Below, BroadwayWorld brings you a recap of the winners' remarks. Whether you missed an honoree or just want to re-live the moment, scroll down to read each winner's acceptance speech!

Judith Light, Best Featured Actress in a Play for OTHER DESERT CITIES: "Oh my god, oh my god, thank you so much. I feel like I am the luckiest girl in New York tonight. I get to stand here in front of all of you and thank you and tell you how much I love all of you and this magnificent community. I get to thank the American Theatre Wing, the Tony voters, Lincoln Center Theater, the amazing women I am acknowledged with in this category. I get to thank my beautiful cast, my Stockard, my Stacey, my Beth, my Tommy, I love being out there with you every minute. Our crew, our box office, our understudies, my Charlie, my wonderful designers who helped me create this character,  Ivana Chubbuck, Alan Nierob, Jack Yayton, Jason Gutman, Bob Gersh, Jonathan Stoler for your love all these years and your great management. Robert Desiderio, my husband, I love you beyond words and measure. Herb Hamsher, my manager of 34 years, if it were not for you, I would literally not be standing here, you have changed my life - as have all of you. I love you, thank you. Daddy, this is for you!”

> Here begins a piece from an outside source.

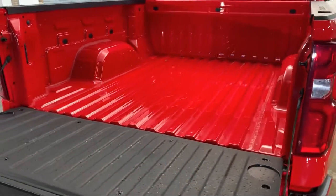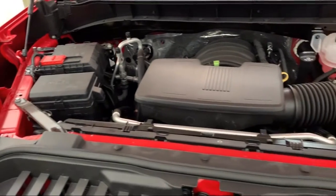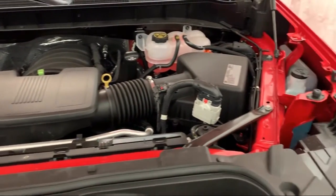Here at Advantage Chevrolet of Bolingbrook, we can't be beat, so visit us today. We are conveniently located just off I-55 on Route 53, South Bolingbrook, exit 247.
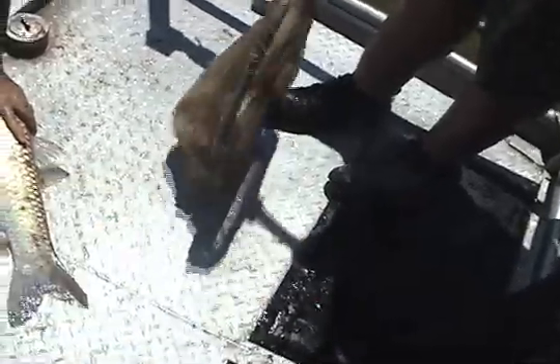Grass carp have been in the U.S. since 1963 and were brought to the U.S. to be stocked in ponds and lakes to control aquatic weeds. However, they are banned in 12 states, including Michigan.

Michael McGrath, Best Featured Actor in a Musical for NICE WORK IF YOU CAN GET IT: "Wow. Thank you so very much. I want to start off by thanking my entire NICE WORK family - I look forward to going to work every night and performing with them on the great stage of the Imperial Theatre. It's a thrill for me to be on Broadway, it's what I always wanted to do when I was a kid and I'm getting the chance to do it. There are so many people to thank along the way - it's a list as long as a football field. I want to say thanks to Tommy Brent, who gave me my start. And I want to thank my family, watching up in Worchester, Massachusetts, right now. I want to thank my wife, Toni DiBuono. Just a little foreshadowing: 'Baby, you're the greatest.'"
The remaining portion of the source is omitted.